Exercise prompt: Retype all data exactly as given. Pictures should not be retyped.

Given information:
########
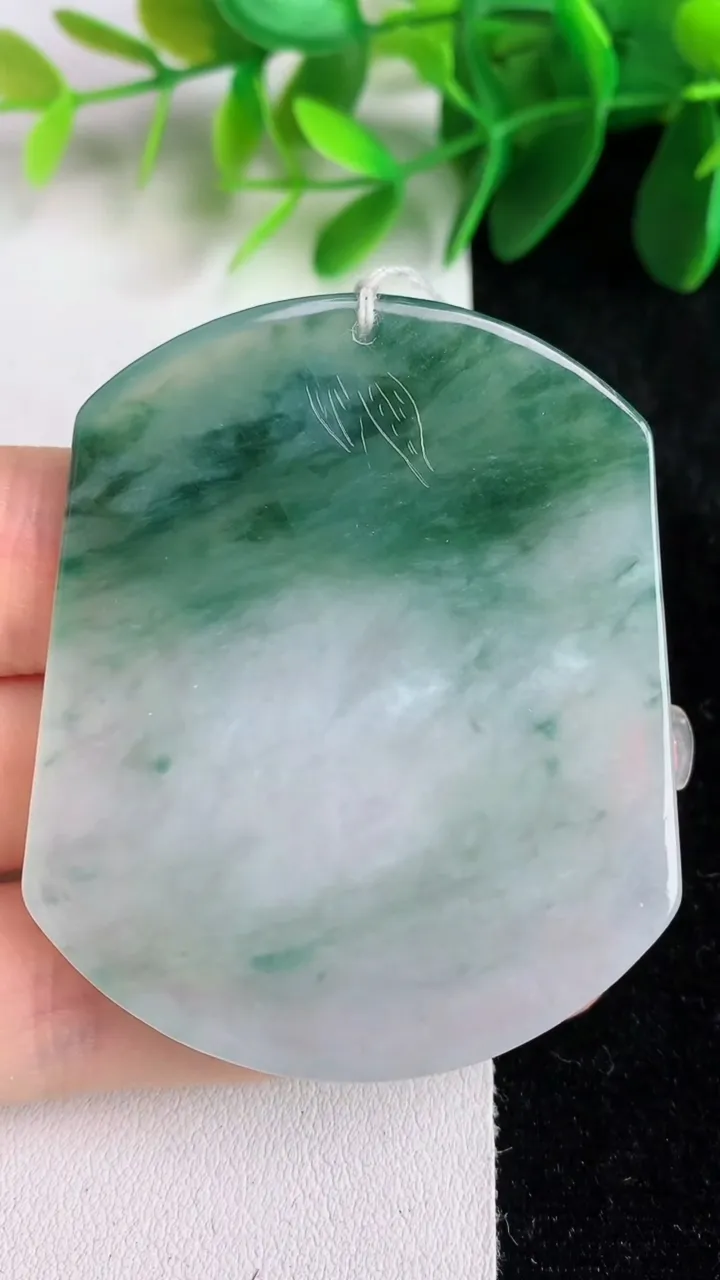 天然A货翡翠生肖鼠吊坠，尺寸55.3-45.7-5.3，重量:30.11g
5月26日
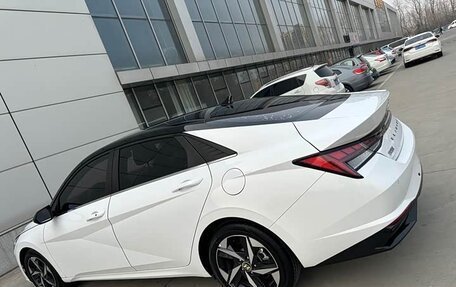Hyundai Elantra, 2023 год, 1 608 888 рублей, 3 фотография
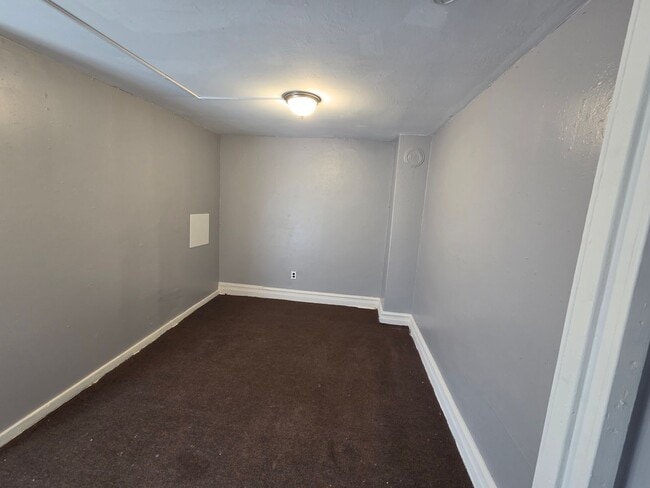 Foto del edificio - 219 N Hall St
########
Completed task:
 天然A货翡翠生肖鼠吊坠，尺寸55.3-45.7-5.3，重量:30.11g
5月26日
Hyundai Elantra, 2023 год, 1 608 888 рублей, 3 фотография
 Foto del edificio - 219 N Hall St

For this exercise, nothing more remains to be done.